* **EXERCISE INSTRUCTIONS**: Make an exact copy, without pictures, of the lines below from the one containing "Download lagu Selinting" to the last line, both ends included.
____ PROVIDED DATA
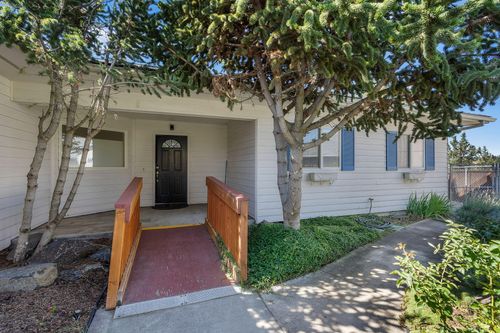 j-330 Ne Hillcrest St, Madras, OR, 97741-2602 | Card Image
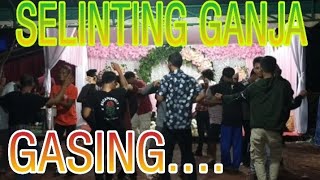 Download lagu Selinting Ganja di Tangan Serta Lagu Gasing mp3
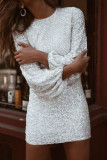 Белые элегантные однотонные платья с блестками в стиле пэчворк и круглым вырезом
________
* **WORKED SOLUTION**:
 Download lagu Selinting Ganja di Tangan Serta Lagu Gasing mp3
 Белые элегантные однотонные платья с блестками в стиле пэчворк и круглым вырезом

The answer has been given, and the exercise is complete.